Оборотни в эполетах (Бушков) - страница 103

Другой отставной офицер (тоже настоящий, участник обороны Севастополя) стал птицей более высокого полета – и иностранными языками владел, и светский лоск сохранил. Частенько заявлялся в гости к знакомым, заводил остроумные, интересные беседы – а потом не особенно и тонко напоминал о своем бедственном положении и грошовой пенсии. Делал это так изящно, что хозяева давали небольшую денежку. Поскольку продолжалось это регулярно, через несколько лет богатые знакомые, чтобы отвязаться, сами стали посылать ему мелкие суммы на манер пенсии… В общем, жизнь удалась.

Иные отставнички в офицерских чинах не просто занимались уличным попрошайничеством – вели себя при этом крайне нагло. Один такой, получив от сердобольной дамы две копейки, форменным образом на нее напустился, крича, что он – штабс-капитан, императорский офицер и принимать меньше двугривенного для него унизительно (двугривенный, если кто запамятовал, – двадцать копеек, по ценам того времени вполне достаточно, чтобы хлопнуть в недорогом трактире пару чарок и закусить).

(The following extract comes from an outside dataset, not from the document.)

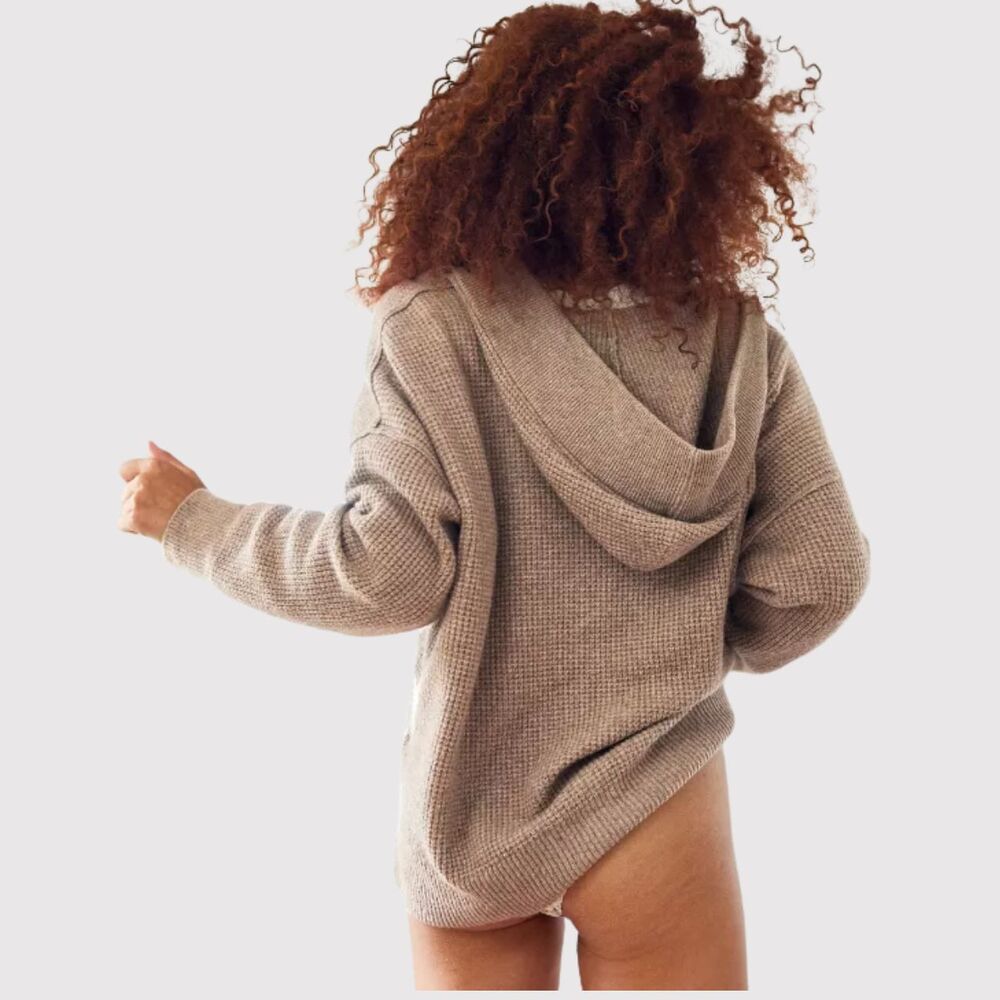 Aerie Womens Sweater Brown CozyUp Waffle Hoodie V Neck Pullover Stretch Large - Picture 3 of 13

Другой (тоже штабс-капитан) пристал к газетному репортеру, назойливо требуя на бутылку. А когда тот, тертый питерский житель, отказал, процедил с угрозой:

– Не хочешь подать бедному благородному человеку, так в другой раз можно и пальто содрать!

Вполне возможно, будь дело в темноте и в отсутствие свидетелей, мог и в самом деле содрать…

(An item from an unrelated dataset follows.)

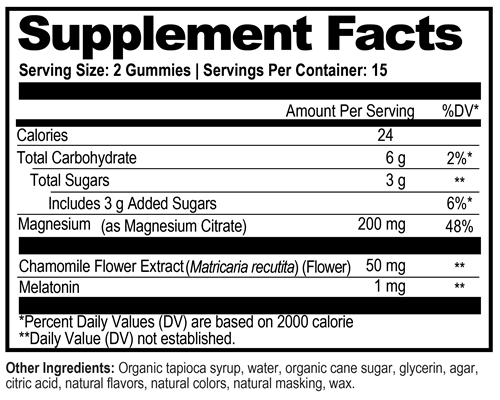 Sleep Magnesium Gummies Natural Stacks supplement facts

Прижилась среди уличных попрошаек и самая настоящая генеральская дочка, щеголявшая чуть ли не в лохмотьях. Ее не раз задерживала полиция, побывала она и у мирового судьи (мировые судьи рассматривали всевозможную «мелочовку»), но всякий раз вновь обнаруживалась на улице пристающей к прохожим. Когда судья спросил, почему она не обратится за помощью к родственникам (папа-генерал был жив-здоров и не бедствовал, да и другой небедной родни имелось немало), девица, не задумываясь, ответила, что ей мешает гордость. Такая вот была интересная зверюшка: гордость ей мешала обратиться к родным, но не мешала попрошайничать на улицах. То ли очередная клиника, то ли девушке (как впоследствии хиппи) нравился именно такой образ жизни.

В немалом количестве разъезжали и мнимые «погорельцы» – причем концы оглобель их телег или саней были изрядно опалены огнем: вот, дескать, только и успели, что коняшку вывести да телегу из огня выдернуть… Со временем народ эту фишку просек, но многие чувствительные души продолжали подавать…

Особая статья – мнимые «монахи» и «монашенки». Одни без особых затей собирали пожертвования на «обитель», другие, гораздо более изобретательные, подобно своим средневековым предшественникам-западноевропейцам, торговали всевозможным фальшаком: тут вам не только пузырьки с «водой из Иордана» (раздобытой, понятно, в ближайшем водопроводе), но и гвозди и щепки от Креста Господня и тому подобные «реликвии», якобы самолично привезенные из Иерусалима (перьями из крыльев ангелов, в отличие от средневековых европейцев, все же не торговали, знали меру). Самое смешное, что этот товар и в самом деле имел нешуточный спрос – в основном среди небогатого купечества, у людей набожных, но простодушных.